Complete step-by-step answer:
We have given that there is an elevation of boiling point of one molar aqueous solution of glucose, it means when glucose was added in the solvent which is water here, it acts as a nonvolatile solute and decreases the vapor pressure of solution.

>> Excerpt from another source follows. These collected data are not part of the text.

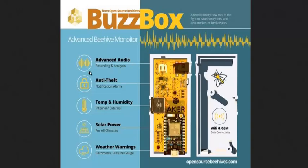It's got an anti-theft notification alarm. Bee theft is actually a very big deal in a lot of areas. Bees are expensive and they're tough to keep. Of course, with colony collapse disorder, some people's beehives died, so instead of buying a new beehive, they decided to go steal one instead.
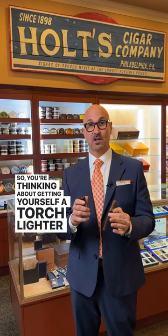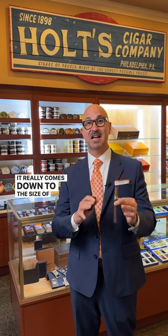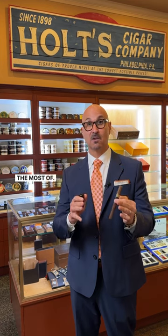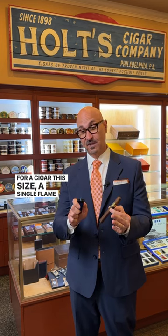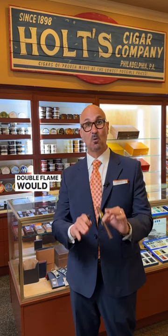So you're thinking about getting yourself a torch lighter, but you don't have many jets to choose. It really comes down to the size of a cigar that you smoke the most of. Now for me, I like a Corona Gordo, which is a 46 ring gauge. For a cigar this size, a single flame like I have here or a double flame would be the max I would use for thinner ring gauge cigars.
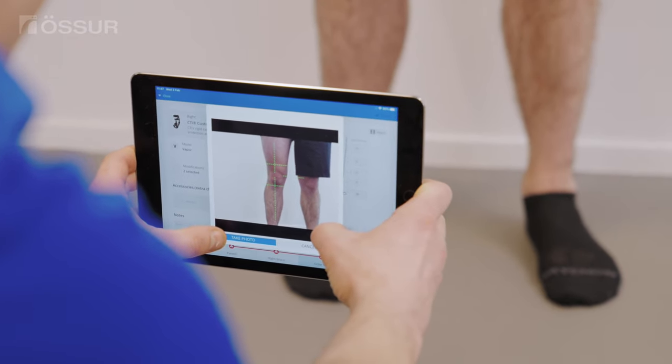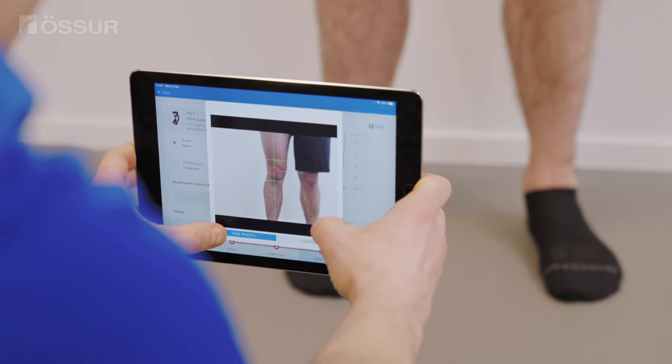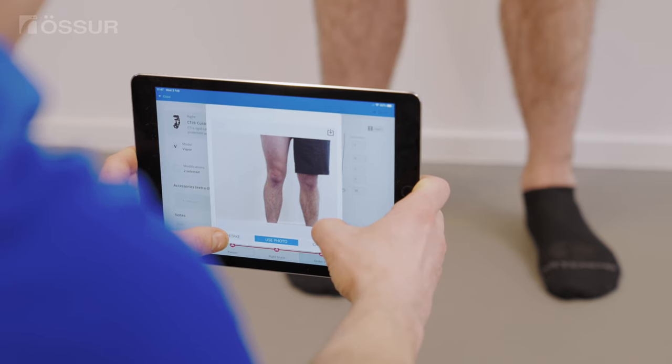Align the grid to capture approximately 10 inches above and below mid-patella. Ensure the camera is held at the level of the patella. Tilt the camera until the grid turns green, which means the camera is level and ready to take the pictures.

Now, we have given that there is a $1$ molar solution present it means one mole of glucose is mixed in $1000\,c{m^3}$ of solution.
Formula for elevation of boiling point can be written as- $\Delta {T_b} = \,{K_b} \times \dfrac{{{n_{solute}}}}{{mass\,of\,solvent\,(in\,kg)}}$
$1\,M\, = \,1\,mole$ of glucose in $1000\,c{m^3}$ of solution.
We can easily find out the mass of glucose by multiplying its molar mass with the number of moles, if you remember this formula.
$No.\,\,of\,mole = \,\dfrac{{given\,mass}}{{molar\,mass}}$
$given\,mass = \,moles\, \times molar\,mass$
On putting the values we get mass of glucose as, $mass\, = \,1 \times \,(180.56)\,g\,mo{l^{ - 1}}$ where $(180.56)\,g\,mo{l^{ - 1}}$ is the molar mass of glucose.
$Density\,of\,solution\, = \,\dfrac{{mass\,of\,solution}}{{volume\,of\,solution}}$
For finding mass of solution, we have to multiply density of the aqueous solution with volume of solution, as we have made solution in $1000\,c{m^3}$ of volume thus, we can write the mass as,
$mass\,of\,solution = \,density \times \,volume\, = \,1.2\, \times 1000\, = \,1200\,g$

Also, mass of solvent can be found by subtracting the mass of solute from mass of solution, thus we will get mass of solvent which we use further in the formula of elevation in boiling point.
$Mass\,of\,water = \,1200 - \,180.56 = \,1019.44\,g = \,1.01944\,Kg$
Putting values in the above formula of elevation of boiling point and we will get something like this on solving further we will get a value of $0.98\,{K_b}$ .
$\Delta {T_b} = \,{K_b} \times \dfrac{{1\,mol}}{{1.01944\,kg}}$ = $0.98\,{K_b}$

Hence the correct answer is option ‘D’.

Note: A very common mistake that mostly students do is that they put mass of solution in place of mass of solvent in the main formula of elevation of boiling point $\Delta {T_b} = \,{K_b} \times \dfrac{{{n_{solute}}}}{{mass\,of\,solvent\,(in\,kg)}}$ . Also we have to change the mass from grams to kilograms because in the expression only a kilogram unit is needed. Lastly, we have not given the value of ${K_b}$ hence we leave it as per but in many questions the value of ${K_b}$ is given sometimes.